Frederik's body unclaimed for five hours

May 15, 1912

The body of the late King Frederik VIII of Denmark was unclaimed for five hours in a Hamburg morgue, the New York Times is reporting.

The King died at 11:00 p.m., last night, after being "stricken with apoplexy" while walking alone in Hamburg.  He died in a taxi cab, "alone except for the policeman, who had picked him up as he was staggering back to his hotel, 300 yards away."

The policeman did not recognize the king, so he took the body to a municipal hospital, where the authorities "consigned the body to a public morgue," where it lay "forgotten and unattended for five hours among eight other unrecognized corpses."

The King had been accompanied to Hamburg by his wife, Queen Louise, and three of their children, Prince Gustav and Princesses Thyra and Dagmar."  It was not until the King's body was found at the morgue and brought to the hotel at 4 a.m., did Queen Louise and her children "learn of the King's death."

The Queen had assumed that her husband had "retired at his usual hour," and had not known that he had left the hotel for an evening stroll.

The body will be taken to Lübeck tomorrow by special train and taken aboard the Danish royal yacht Dannebrog, escorted by a Danish warship back to Copenhagen.

King Frederik and his family arrived in Hamburg from Frankfurt on Monday, having spent some time in Nice "to seek relief by change of air from the arteriosclerosis from which he had suffered in recent years."

He was traveling incognito as Count Kronberg.   According to observers, the Danish sovereign "looked and felt well" when he arrived in Hamburg.

Last evening, the King and Queen and their children dined at the Hamburger Hof Hotel.  Afterward, the King went for a "customary stroll," unaccompanied.   He left the hotel shortly after 10 p.m.  

His valet waited for his return,  and after 2 a.m.,  the valet went downstairs to wake the hotel's manager, Carl Wache.   The manager got dressed and accompanied the valet to police headquarters to give an "accurate description of the King.  They were about to leave the police station, and search the local restaurants, thinking the King "had set out on some adventurous trip of exploration," when of the officers mentioned a record of "some elderly, well-dressed man, identity unascertainable" had been found "staggering in the Goose Market, a major square in Hamburg.
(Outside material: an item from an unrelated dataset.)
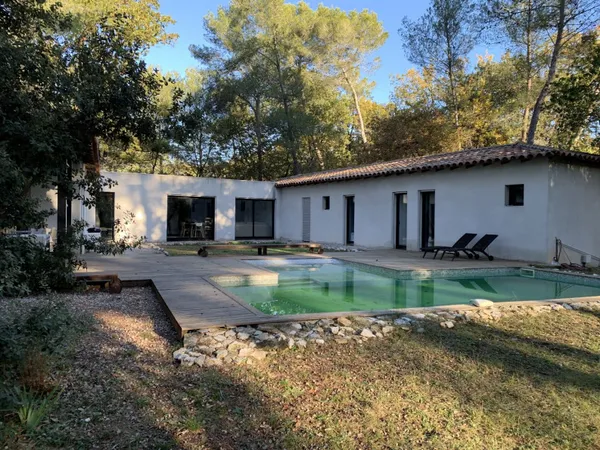 Maison 5 pièces 142 m²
The police officer said that the man had died while being taken by taxi to the Harbor Hospital.

Wache asked for a detective, and they got into a taxi to the Harbor Hospital.  It took some convincing to get the night watchman to call the doctor in charge, but eventually, the valet and Carl Wache identified the late King's body.

It took a further two hours to persuade the Morgue's staff to release the body so that it could be taken back to the hotel in the "waiting cab." They arrived at the hotel at 4:30 a.m.   King Frederik "was laid on a simple single wooden bed."  His features were "composed and natural," and his death had "come painlessly."

Queen Louise and the three children were awakened at 6 a.m., by the Lord Chamberlain, and were told of the King's death.  A half-hour later, the Queen ordered flowers and strewn the coverlet covering her husband with red and white roses, Denmark's national colors.

Family members were also informed of the King's death.  Queen Louise received messages of condolences from King George V and Queen Mary, Queen Alexandra,  and other royals.  Kaiser Wilhelm II arrived shortly after 7 a.m., to offer his condolences to the newly widowed Queen.